An important goal of this study was to assess whether the role of Sis1 in prion maintenance was functionally different from its role in other cellular functions. This question was raised by the observation that Sis1 lacking the G/F region resulted in complete loss of the prion, but had little effect on cell viability. However, the analysis of mutants reported herein suggests that the sequence requirements are very similar, but that prion maintenance is particularly sensitive to slight alterations in Sis1 function. Therefore, we propose that biochemically Sis1 functions in prion maintenance as it does in other cellular processes, although its exact role in prion maintenance remains to be elucidated.
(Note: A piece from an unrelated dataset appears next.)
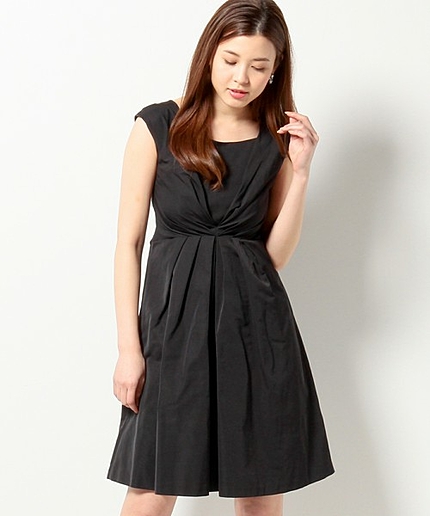 UAP U/N TFT フロントギャザー ノースリーブワンピース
The ability of the Sis1 homologs from both Drosophila and humans to not only carry out the essential function of Sis1 but also maintain the Rnq1 prion was surprising. Neither of these Hsp40s have any apparent sequence similarity with Sis1 in the glycine-rich regions, other than the general preponderance of glycine and phenylalanine residues that are also found in yeast Ydj1 and human Hdj2. Therefore, divergent sequences are able to perform the function carried out by amino acids 101–113 of Sis1. This divergence suggests that a certain structural conformation that can be manifested through a variety of interactions is required for class II Hsp40-specific function, rather than a requirement for specific amino acid contacts between the G/F region and other domains. Current research to determine whether the G/F sequences affect the structure of the adjacent J domain or directly interact with Hsp70 and alter its function is in progress.